Granados disparó contra Aguirre

Con este escenario, la gran duda que surge en estos momentos es saber si la Caja B del PP de Madrid acarreará la imputación de Esperanza Aguirre en la trama Púnica. A día de hoy, la respuesta es negativa. Según informan fuentes de toda solvencia a El Independiente, la posible imputación de la ex presidenta madrileña no está en estos momentos entre los planes inmediatos ni de García Castellón ni tampoco del departamento que encabeza el fiscal Alejandro Luzón.

Las mismas fuentes explican que este planteamiento podría cambiar en los próximos meses si aparecen indicios serios y férreos de que Esperanza Aguirre estaba al tanto de que el PP de Madrid acudió dopado a los comicios en, al menos, tres ocasiones.

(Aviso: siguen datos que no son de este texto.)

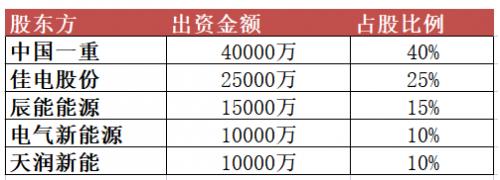 10億元！黑龍江省新能源集團有限公司成立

Sin embargo, en estos momentos los investigadores carecen de prueba documental o de alguna confesión que pueda acarrear que Aguirre sea citada a declarar en calidad de investigada en la Audiencia Nacional.

En estos momentos, los investigadores carecen de prueba documental que pueda acarrear que Aguirre sea investigada

El que fuera su consejero de Presidencia Francisco Granados declaró el pasado 12 de febrero en la Audiencia que en las mencionadas citas electorales el PP de Madrid habría concurrido dopado a las urnas gracias a haberse nutrido de fondos de partidas de publicidad de la Comunidad de Madrid (CAM).  En esa práctica irregular habrían participado, según la versión del investigado, el expresidente González, los ex consejeros Borja Sarasola e Ignacio Taboada y la ex directora de medios de la CAM, Isabel Gallego. Él se habría encargado de gestionar las campañas en A y el resto de los fondos en B. Sin embargo, Granados insinuó que “no había ningún asunto que Aguirre no controlase” aunque evitó responsabilizarla de la financiación ilegal de su partido.

Con este escenario, y sin que el cabecilla de Púnica haya aportado prueba alguna de dichas afirmaciones, Aguirre siguen estando en el punto de mira de la Audiencia pero, por ahora, no será imputada por estos hechos.